LINCellularNeuroscience / VAME

Variational Animal Motion Embedding - A tool for time series embedding and clustering

Geek Repo:Geek Repo

Github PK Tool:Github PK Tool

Missing clusters in resulting npy-files

roessler-f opened this issue · comments

Hi,

I used VAME on some of our tracking data and I first wanted to say: Thanks for the user-friendly tool, it is very well set up and easy to use.

I have a question about the final clustering of the motifs: I set the number of clusters to 65 (so n_cluster: 65 in the config.yaml file). However, when I go through the resulting npy-files, certain clusters never show up (e.g. cluster 9 or cluster 33 never appear in any file). How is this possible? Shouldn't every cluster be represented at least once in the dataset, even if it is just for a few frames in one file?
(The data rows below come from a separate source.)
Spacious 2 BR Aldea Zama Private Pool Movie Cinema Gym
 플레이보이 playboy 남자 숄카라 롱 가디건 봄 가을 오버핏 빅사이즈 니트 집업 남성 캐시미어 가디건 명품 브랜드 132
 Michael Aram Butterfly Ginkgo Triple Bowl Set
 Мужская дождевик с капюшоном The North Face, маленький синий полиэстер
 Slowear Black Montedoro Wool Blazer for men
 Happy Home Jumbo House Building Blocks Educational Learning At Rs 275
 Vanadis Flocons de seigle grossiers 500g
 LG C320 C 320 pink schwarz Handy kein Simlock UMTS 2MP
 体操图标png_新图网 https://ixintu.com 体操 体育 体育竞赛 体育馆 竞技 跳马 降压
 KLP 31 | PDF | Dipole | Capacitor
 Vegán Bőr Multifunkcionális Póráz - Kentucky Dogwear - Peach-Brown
Thanks already in advance for your help.

Best,
Fabienne

Hi Fabienne,

Glad you like the tool :)

Are you absolutely sure that cluster doesnt show up in any of your files? Often its the takes that only one of X files contains an uncommon or outlier pattern and then some clusters end up being aligned around that file only. Otherwise, which clustering method did you use, HMM or K-means?

Best,
Pavol

Hi Pavol,

Thanks a lot for your fast answer.

I'm very sure. I looped through all npy-files and checked in each of them. I also found some clusters that appear only in one file for about 2 or 3 frames which would be the outlier patterns you mention.

I'm using the HMM clustering. I'm no expert on HMMs, so maybe there it's possible that some clusters never appear in the data?

Best,
Fabienne

Hi Fabienne,

Ok, thanks for the feedback, will look if that outcome is reproducible with a high number of motifs and HMM clustering. Meanwhile, you could check if the problem is the same when using kmeans.

Best,
Pavol

Hi Pavol,

I just realized that the function we use to load the files (which was not written by myself) removes some of the first and last frames of the tracking data and therefore also the clustering data. The above mentioned clusters seemed to have represented some behavior (or rather noise) in the beginning and end of our recordings and were therefore completely removed. When I checked the "raw" files, the clusters were there again.

I'm very sorry for this mistake from my side!

Thank you for your time and efforts.

Best,
Fabienne